From 69a28e7a27d276ef945bd9e6ffd9e12849491cae Mon Sep 17 00:00:00 2001
From: Pawky Languish
Date: Sat, 24 May 2025 18:50:43 +0000
Subject: wip

---
 youtube_abstract.py | 152 ++++++++++++++++++++++------------------------------
 1 file changed, 63 insertions(+), 89 deletions(-)

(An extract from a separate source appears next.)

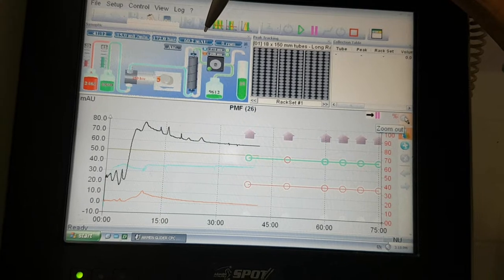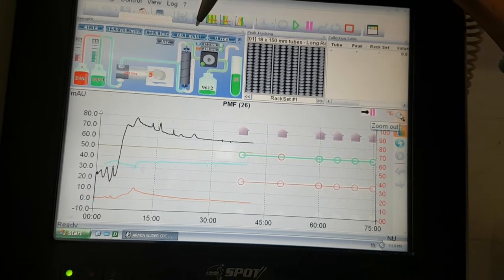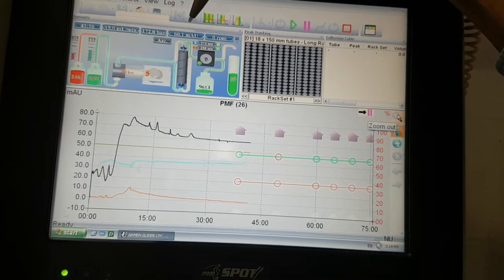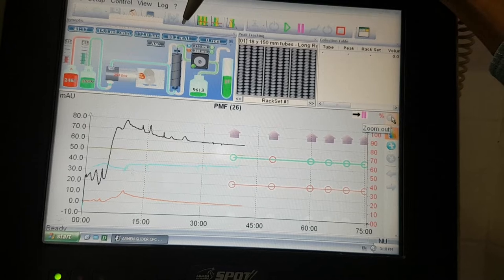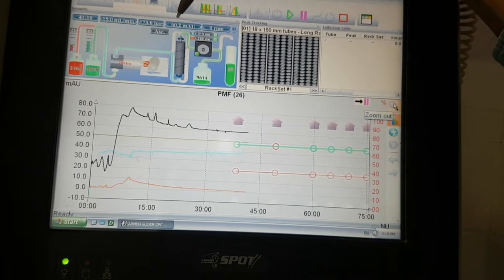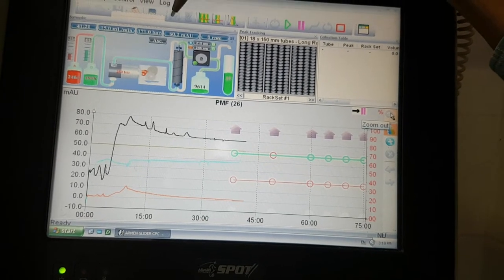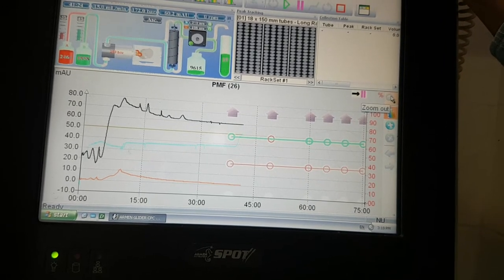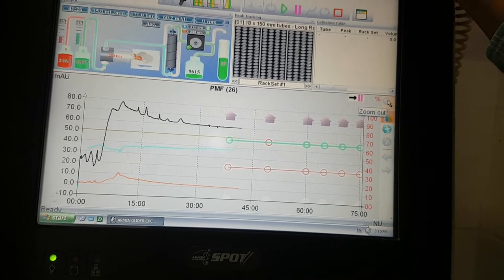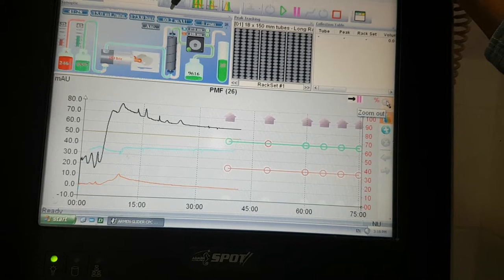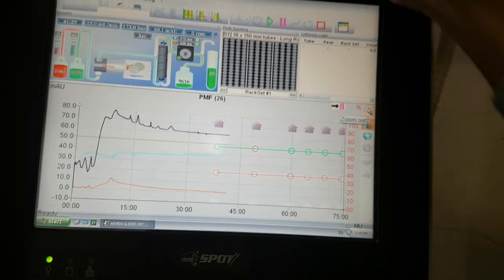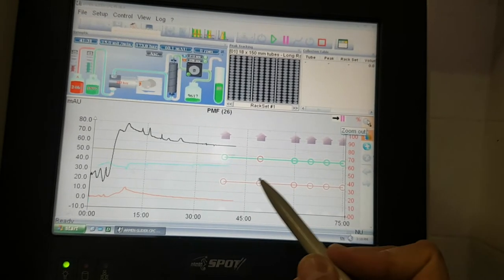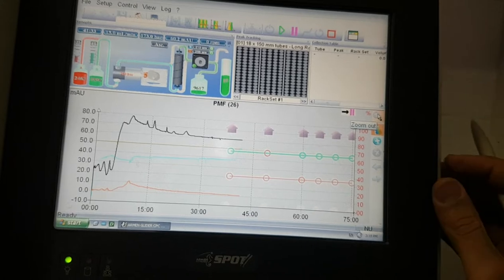It might also be that your compounds will come together even if your method that you prepared before would individually separate them and there was enough space between them, but they can come together.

diff --git a/youtube_abstract.py b/youtube_abstract.py
index fb93ad7..f773aa0 100755
--- a/youtube_abstract.py
+++ b/youtube_abstract.py
@@ -3,6 +3,13 @@ from urllib.parse import urlencode, urlparse, parse_qs
 from json import loads as json_loads
 from URLget import urlget, URLgetException
 
+import sys
+
+
+def dbgprint(*args, **kwargs):
+    if sys.stdout.isatty():
+        print(*args, **kwargs)
+
 
 class YouTube:
     def __init__(self):
@@ -11,25 +18,25 @@ class YouTube:
             YouTube.prefer_playlist = YouTube.prefer_playlist
         except AttributeError:  # we probably want video title, default to that
             YouTube.prefer_playlist = False
-        self.irc_pal = {
-            "rst": "\x0f",  ######### reset
-            "ylw": "\x0307",  ####### yellow
-            "b_ylw": "\x0307\x02",  # bold yellow
-            "wht": "\x0315",  ####### white
-            "red": "\x0304",  ####### red
-            "grn": "\x0303",  ####### green
-            "itl": "\x1d",  ######### italic
-            "bld": "\x02",  ######### bold
+        self.irc_pal = {  # ignore the fancy alignment BS lol
+            "rst": "" + "\x0f",  ####### reset
+            "ylw": "" + "\x0307",  ##### yellow
+            "b_ylw": "" "\x0307\x02",  # bold yellow
+            "wht": "" + "\x0315",  ##### white
+            "red": "" + "\x0304",  ##### red
+            "grn": "" + "\x0303",  ##### green
+            "itl": "" + "\x1d",  ####### italic
+            "bld": "" + "\x02",  ####### bold
         }
-        self.ansi_pal = {
-            "rst": "\x1b[0m",  ###### reset
-            "ylw": "\x1b[33;2m",  ### yellow
-            "b_ylw": "\x1b[33;1m",  # bold yellow
-            "wht": "\x1b[37;2m",  ### white
-            "red": "\x1b[31m",  ##### red
-            "grn": "\x1b[32m",  ##### green
-            "itl": "\x1b[03m",  ##### italic
-            "bld": "\x1b[1m",  ###### bold
+        self.ansi_pal = {  # ignore the fancy alignment BS lol
+            "rst": "" + "\x1b[0m",  #### reset
+            "ylw": "" + "\x1b[33;2m",  # yellow
+            "b_ylw": "" "\x1b[33;1m",  # bold yellow
+            "wht": "" + "\x1b[37;2m",  # white
+            "red": "" + "\x1b[31m",  ### red
+            "grn": "" + "\x1b[32m",  ### green
+            "itl": "" + "\x1b[03m",  ### italic
+            "bld": "" + "\x1b[1m",  #### bold
         }
 
     def mesg(self, msg, t=None):  # just an alias to shorten full name
@@ -38,61 +45,32 @@ class YouTube:
     def match_urls(self, str, r=[]):
         if str.startswith("http://"):
             str = "https://" + str[7:]
-        if str.startswith(
-            "https://"
-        ):  # first string has to be trimmed outside this func
-            if (
+        if str.startswith("https://youtube."):
+            str = "https://www." + str[8:]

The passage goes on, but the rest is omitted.